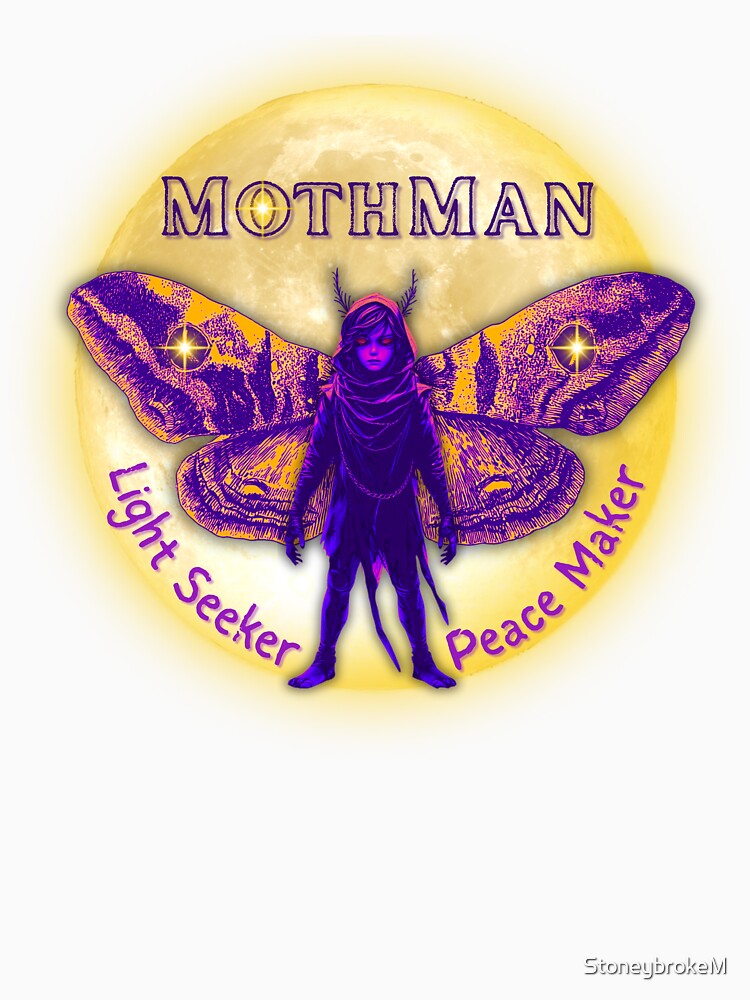Mothman Light Seeker Peace Maker by StoneybrokeM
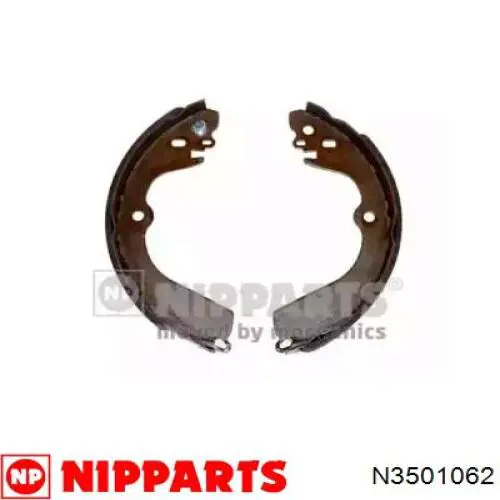 N3501062 Nipparts zapatas de frenos de tambor traseras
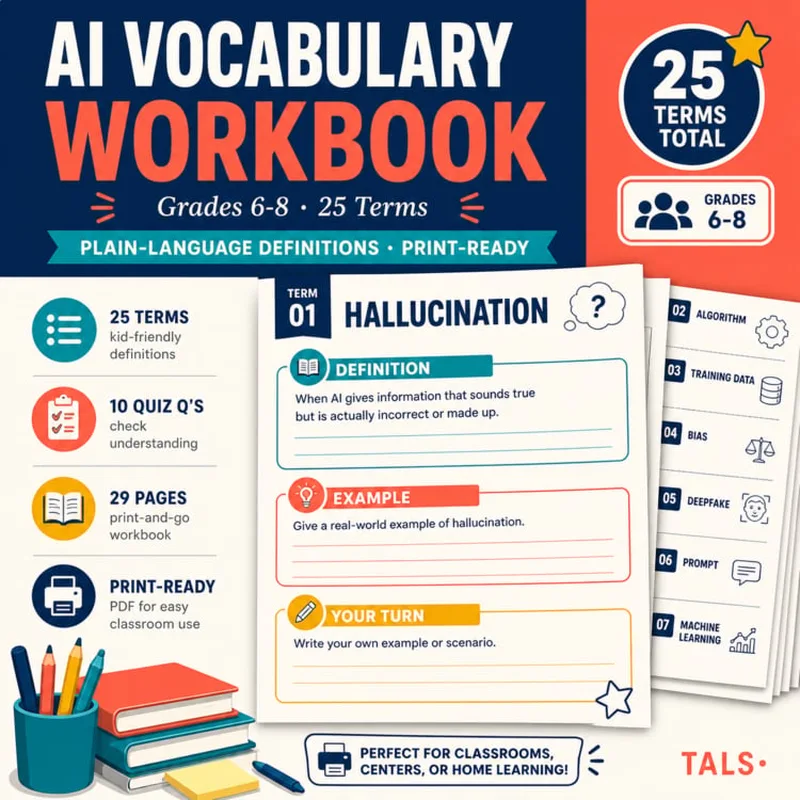 AI Vocabulary Workbook cover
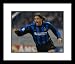 Hernan Crespo Inter Milan Framed 8x10 Photograph Goal Celebration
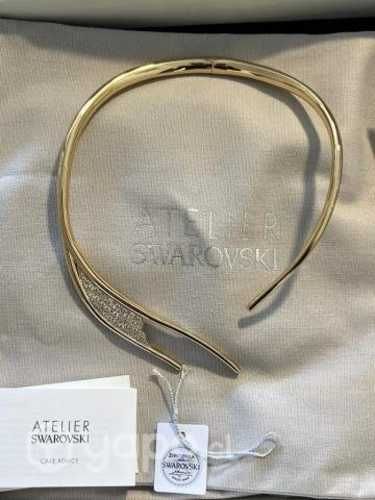 Collar Swarovski oro y diamantes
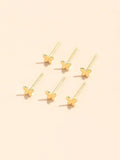 Buy Shein 6pcs Butterfly Shaped Stud Earrings in Pakistan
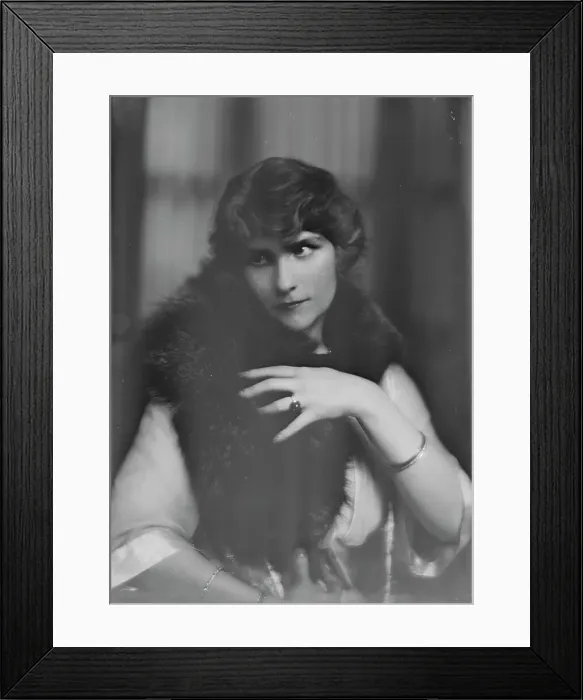 Framed Print : Barklay, D. Mrs. portrait photograph, 1915 July 14. Creator: Arnold Genthe Framed Print : Barklay, D. Mrs. portrait photograph, 1915 July 14. Creator: Arnold Genthe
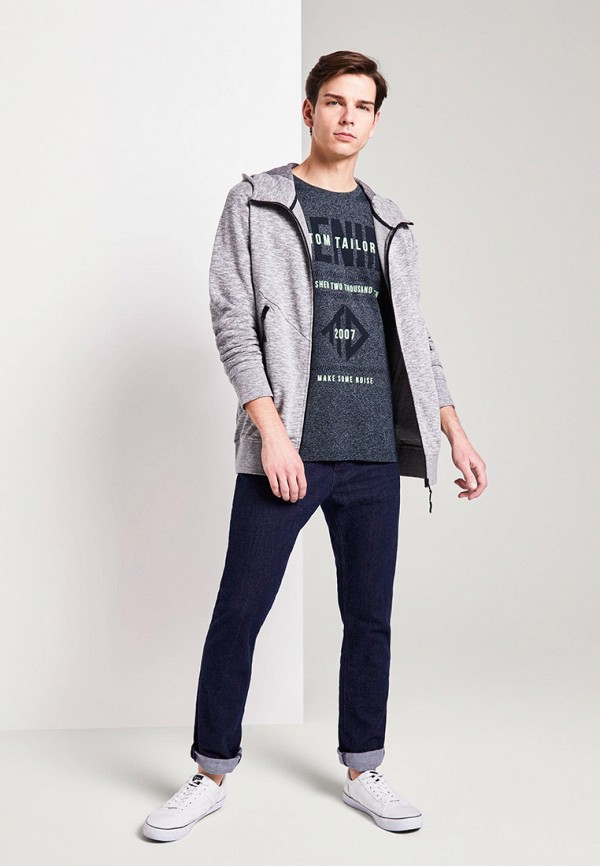 

Футболка Tom Tailor Denim, Серый, Tom Tailor Denim TO793EMIAYY3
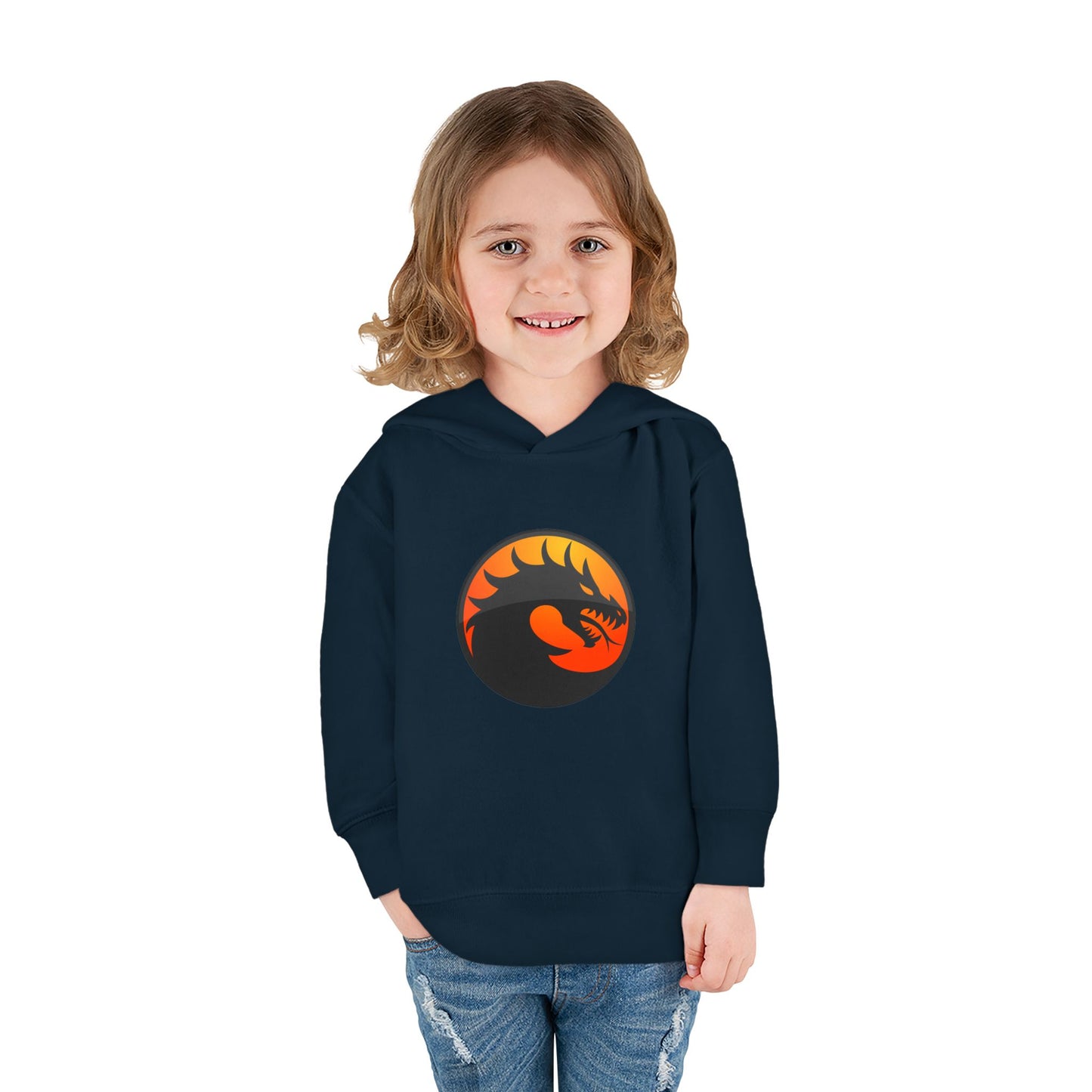 Toddler Fleece Hoodie with Dragon Design, Cozy Kids Pullover, Perfect for Playtime, Birthday Gift, Halloween Costume, Dragon Lover Apparel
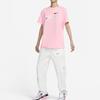 New Nike Sportswear Drop Shoulder Sleeve T Shirt Women's Medium Soft Pink FJ7714-690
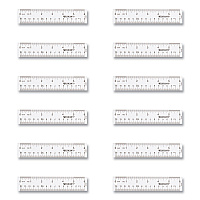 Westcott Clear Flexible Acrylic Ruler, Standard/Metric, 6" (15 cm) Long, Clear, 12/Box (ACM17723)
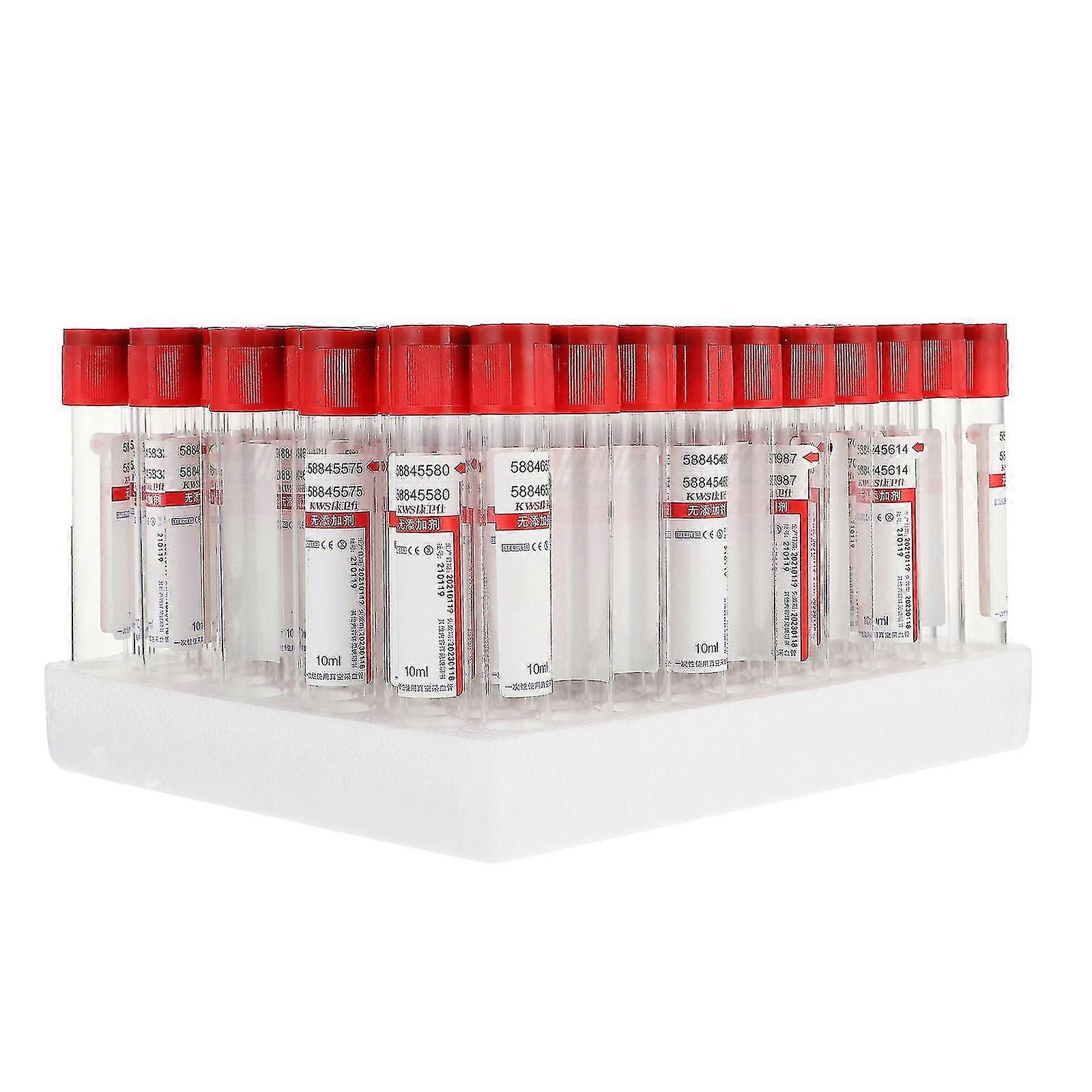 Medical Grade Vacuum Blood Collection Tubes Pack Of 100 With Secure Lids For Laboratory Testing And Specimen Storage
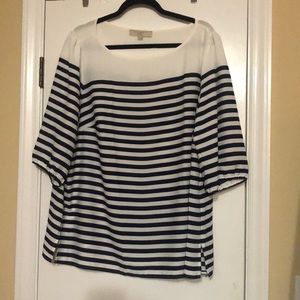 NWT Loft Plus Stripe Shirt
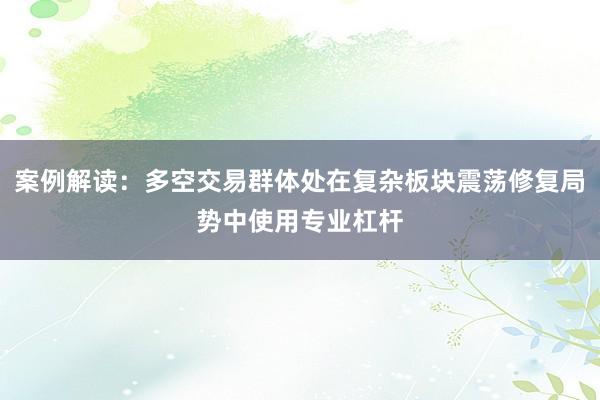 案例解读：多空交易群体处在复杂板块震荡修复局势中使用专业杠杆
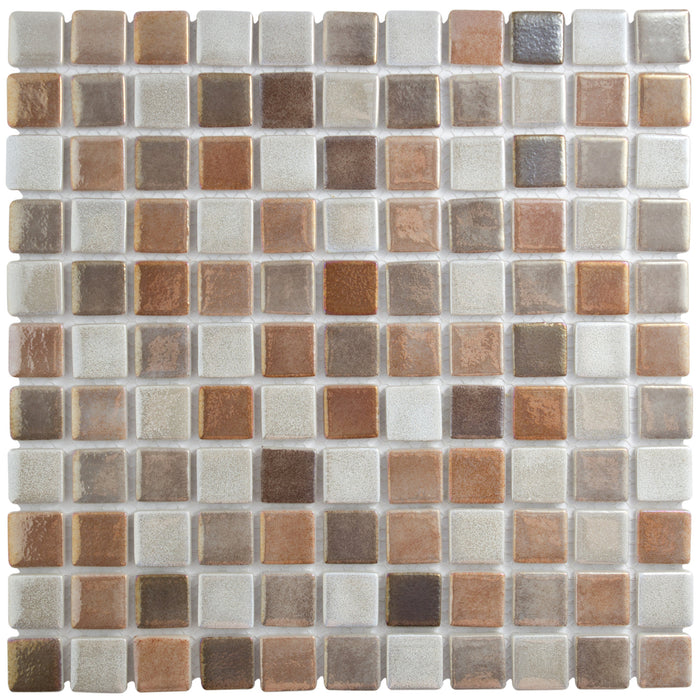 T1007 Eco Iris Glass Mosaic Tile 12"X12"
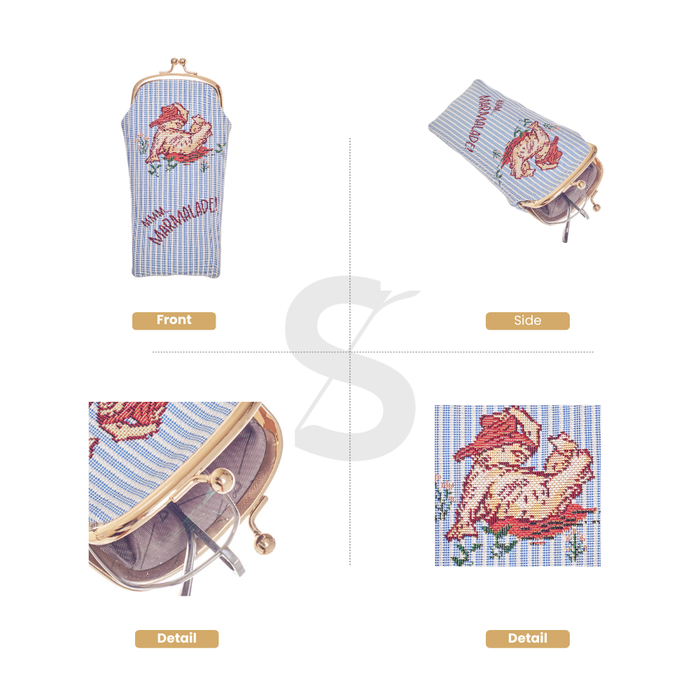 GPCH-PADD-CMM | Paddington Classic Marmalade Glasses Pouch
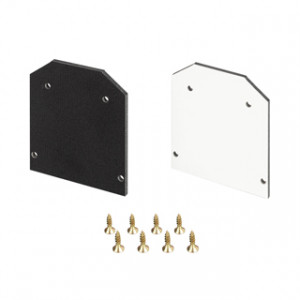 Заглушка MAG-STRETCH-ORIENT-CAP 036155, Боковая заглушка для профиля-держателя MAG-STRETCH-ORIENT. Материал Алюкобонд, цвет черно-белый. В комплекте 2 штуки, 8 шурупов. Цена за комплект.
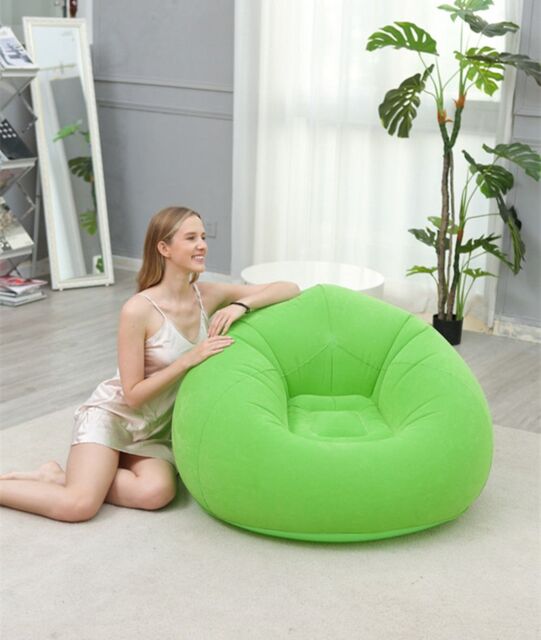 Leaper Foldable Casual & Comfortable Inflatable Sofa - 5 Colors in Green - image 1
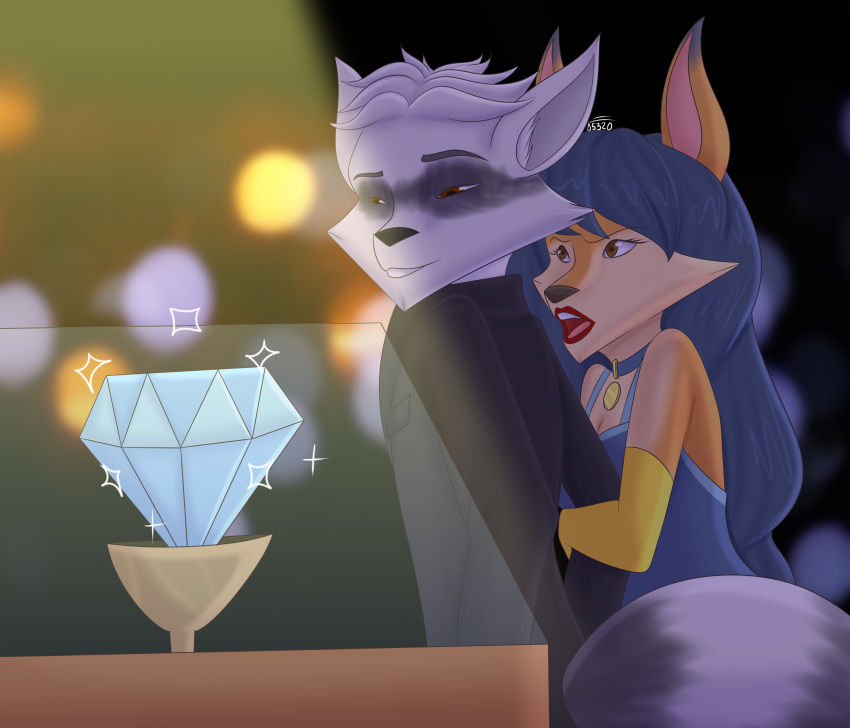 absurd_res carmelita_fox damian5320 diamond_(disambiguation) distracted_boyfriend female gem hi_res male meme sly_cooper sly_cooper_(series) sony_corporation sony_interactive_entertainment sucker_punch_productions video_games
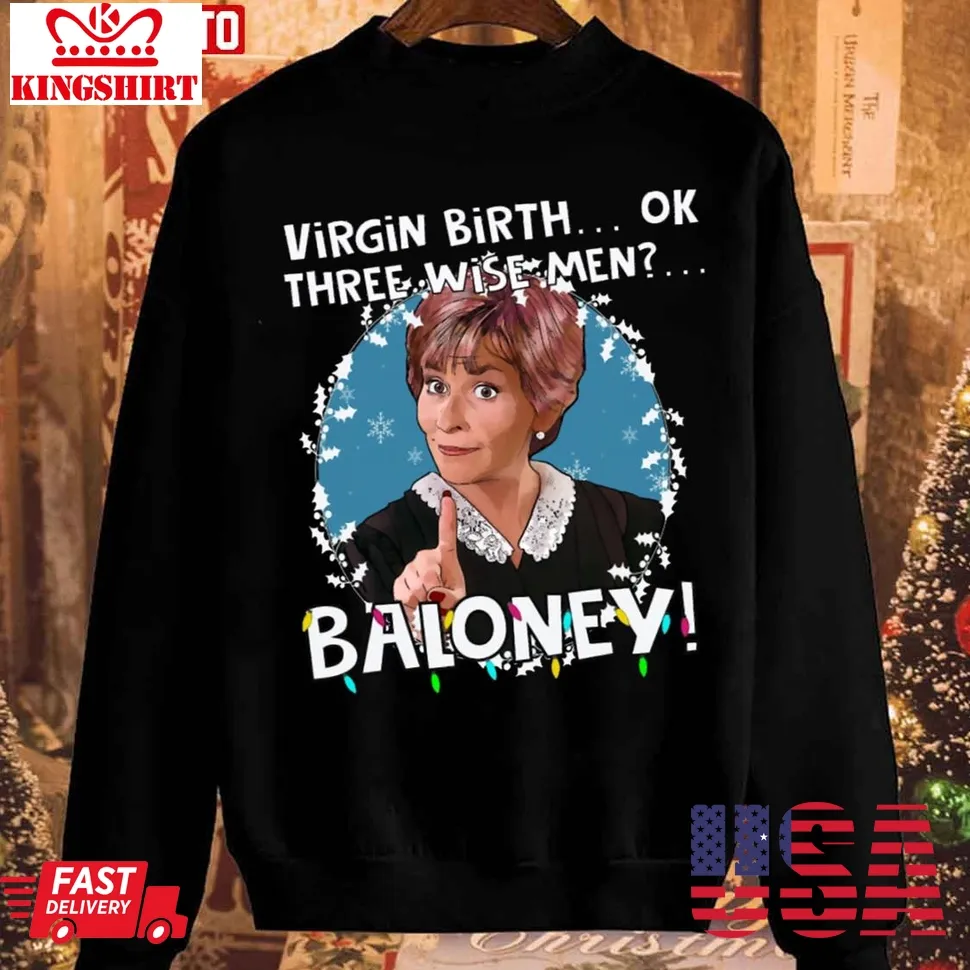 Judge Judy 3 Wise Men Baloney Christmas Unisex Sweatshirt Plus Size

### WORK REQUIRED
Please give the data again unaltered, leaving out any images.

### RESPONSE
Mothman Light Seeker Peace Maker by StoneybrokeM
 N3501062 Nipparts zapatas de frenos de tambor traseras
 AI Vocabulary Workbook cover
 Hernan Crespo Inter Milan Framed 8x10 Photograph Goal Celebration
 Collar Swarovski oro y diamantes
 Buy Shein 6pcs Butterfly Shaped Stud Earrings in Pakistan
 Framed Print : Barklay, D. Mrs. portrait photograph, 1915 July 14. Creator: Arnold Genthe Framed Print : Barklay, D. Mrs. portrait photograph, 1915 July 14. Creator: Arnold Genthe

Футболка Tom Tailor Denim, Серый, Tom Tailor Denim TO793EMIAYY3
 Toddler Fleece Hoodie with Dragon Design, Cozy Kids Pullover, Perfect for Playtime, Birthday Gift, Halloween Costume, Dragon Lover Apparel
 New Nike Sportswear Drop Shoulder Sleeve T Shirt Women's Medium Soft Pink FJ7714-690
 Westcott Clear Flexible Acrylic Ruler, Standard/Metric, 6" (15 cm) Long, Clear, 12/Box (ACM17723)
 Medical Grade Vacuum Blood Collection Tubes Pack Of 100 With Secure Lids For Laboratory Testing And Specimen Storage
 NWT Loft Plus Stripe Shirt
 案例解读：多空交易群体处在复杂板块震荡修复局势中使用专业杠杆
 T1007 Eco Iris Glass Mosaic Tile 12"X12"
 GPCH-PADD-CMM | Paddington Classic Marmalade Glasses Pouch
 Заглушка MAG-STRETCH-ORIENT-CAP 036155, Боковая заглушка для профиля-держателя MAG-STRETCH-ORIENT. Материал Алюкобонд, цвет черно-белый. В комплекте 2 штуки, 8 шурупов. Цена за комплект.
 Leaper Foldable Casual & Comfortable Inflatable Sofa - 5 Colors in Green - image 1
 absurd_res carmelita_fox damian5320 diamond_(disambiguation) distracted_boyfriend female gem hi_res male meme sly_cooper sly_cooper_(series) sony_corporation sony_interactive_entertainment sucker_punch_productions video_games
 Judge Judy 3 Wise Men Baloney Christmas Unisex Sweatshirt Plus Size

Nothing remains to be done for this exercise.